# Out of the junkyard!



## SimonRafferty (Apr 13, 2009)

My journey to and from work is only about 3 miles each way. My current Land Rover (a D110) barely even gets warm in that time and returns terrible economy. So, so long as my range is in excess of 10 miles - I'll be happy.

I decided not to intrude in the passanger space for batteries - so they are all slung underneath and in the engine bay. This keeps the COG low.


















In the UK, if you modify the chassis (frame) of a vehicle, it needs to be approved by the government for use on the road post modification (Individual Vehicle Approval test). I decided to go to some lengths not to modify the structure of the vehicle at all and make everything bolt-on to the original mountings.

So far, I've only had to drill one hole in the frame to mount the throttle potentiometer. Freelanders have loads of threaded holes in the frame which makes attaching stuff pretty easy.

I designed mountings for the motor and had a local company laser-cut them from 6mm steel plate. Once it arrived, I just bolted it all together, lowered it in to the engine bay and it was a perfect fit!










The motor reportedly can deliver 415Nm of torque and has a top speed of 10,000 rpm (although in testing it would only go up to 6000 - there is probably a setting for this). I figured that with a reduction of about 6:1, I would have enough torque to climb a 1:1 slope and still have a good top speed.

The rear differential has a ratio of 3.8:1. To reduce this, I have used a transfer box from a Suzuki SJ410 (similar to a Samurai). Being normally driven by the gearbox, this should be able to handle the torque.
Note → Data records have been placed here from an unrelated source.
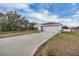 House exterior with driveway and landscaping at 608 Gila Dr, Kissimmee, FL 34759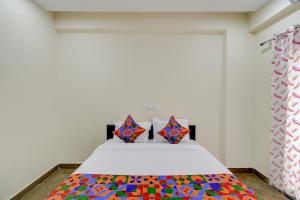 a bedroom with a bed with a colorful blanket on it at FabHotel Heaven 75 in Hyderabad +25 photos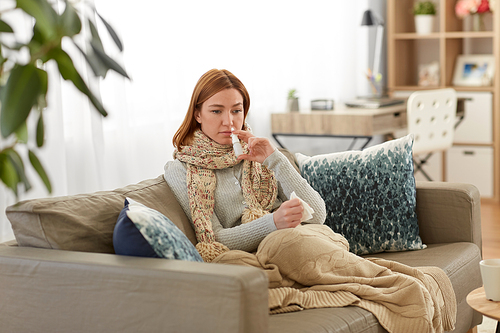 healthcare, cold and people concept - sick woman using nasal spray at home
It has a high range reduction of 1.6:1 and low range of 2.5:1 - which is close to perfect for the application.










The transfer box is very light weight - 15kg or so and has bolt together flange type input and output - so very easy to adapt to. I turned up a quick adapter for the motor shaft (keyed) and bolted it straight on to the transfer box.
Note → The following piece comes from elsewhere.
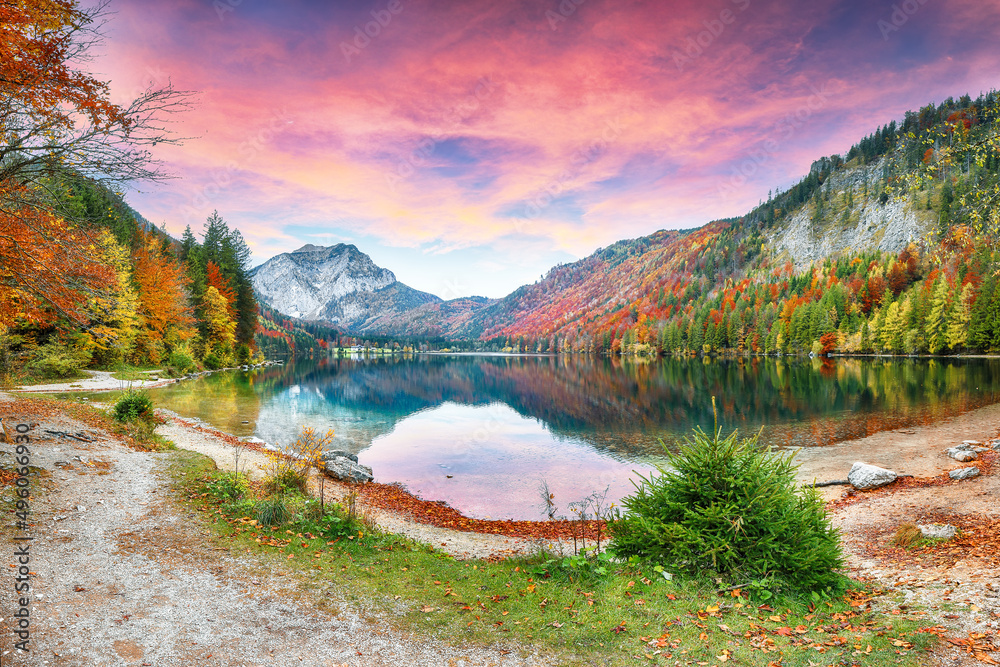 Stunning autumn scene of Vorderer Langbathsee lake.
As of today (14 days in to the build) I have the motor and 15 batteries mounted and am just starting on the wiring.


----------



## rillip3 (Jun 19, 2009)

Wow, what a find! With $1 a peice on batteries, essentially, howe can you go wrong? Good luck with the conversion, the transmission part seems like the hardest part, but switching from AWD is a good move for an EV, AWD provides great traction if you need it, but most often you don't on the road, and it wastes a lot of power.


----------



## Guest (Jul 3, 2009)

Now that is a killer find. Some day I hope to do the same. That is a super sweet score. Nice work on the Rover. Keep us all informed. Don't forget to polish that motor case. Make it look sweet. 

Pete


----------



## etischer (Jun 16, 2008)

Wow, that is an amazing find! Were you even looking for such an item? Looks like it came with a gear box too? Was it still in the bus?


----------



## Matthijs (Jun 19, 2009)

Is there more from where that came from? This is by far the best find I have ever heard of! $100,- is just crazy!  Congrats. I am so jealous right now.


----------



## electricmini (Oct 21, 2008)

Hey Simon

Glad to see you've got it working - I'm pleased you were able to
put the SIADIS software to use. 

Man, that was *one heck of a find* for $100,
a new system would anywhere upwards of $5,000 !! 
( I know, I bought a 2nd hand one for that a few years back)
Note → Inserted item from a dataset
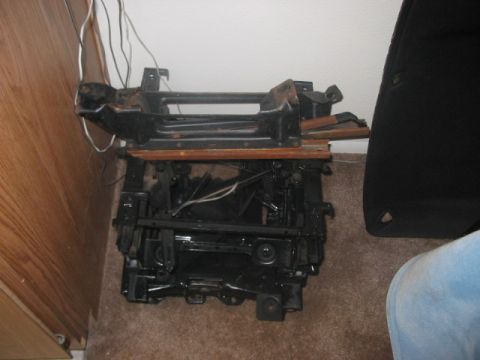 1991 Ford Bronco - A disassembled seat frame is shown, possibly for a Ford Bronco, with visible wooden supports and wiring.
Anyway, if you're after a DC-DC converter for your 12v system, 
I have quite a few PSUs here that will take DC inputs from 120 up
to 300+ V, and give out around 14volts.

Also, I've finally got the Supra running as an EV, not road legal yet but
it moves with electricity! I do hope you're wrong about any chassis mods
needing an IVA test though, as I've cut a big hole in my boot floor and I'm
welding in a battery box there! (no mods to the actual "chassis rails" though). My front battery tray bolts in...

Looks like you'll be on the road before I even get my reg doc back from DVLA!!

Regards,

Richard


----------



## SimonRafferty (Apr 13, 2009)

It's alive! This evening at 11pm it drove 6" back and forth!

Just need to put the dash back together, tidy up the wiring a bit, sort out insurance & stuff - and it will be on the road.

Not bad considering the build only started 3 weeks ago - and I've inly had evenings and weekends - and a nice workshop.

I meant to thank Richard above for providing the right version of the software - Thank you Richard!

I'll add some more photos when I can steal the camera from work again.

Si


----------



## lottos (Jun 22, 2008)

Wow, bargain motor and batteries! Fantastic - and quick build too!


----------



## electricmini (Oct 21, 2008)

Just a quick note -
- make sure you plumb up the water cooling circuit on the inverter
and motor. You wouldn't want to fry your bargain EV drivetrain!

Richard


----------



## SimonRafferty (Apr 13, 2009)

Thanks Richard - I'd not forgotten, but figured it would be OK to drive round the garden for a few mins until it was fitted.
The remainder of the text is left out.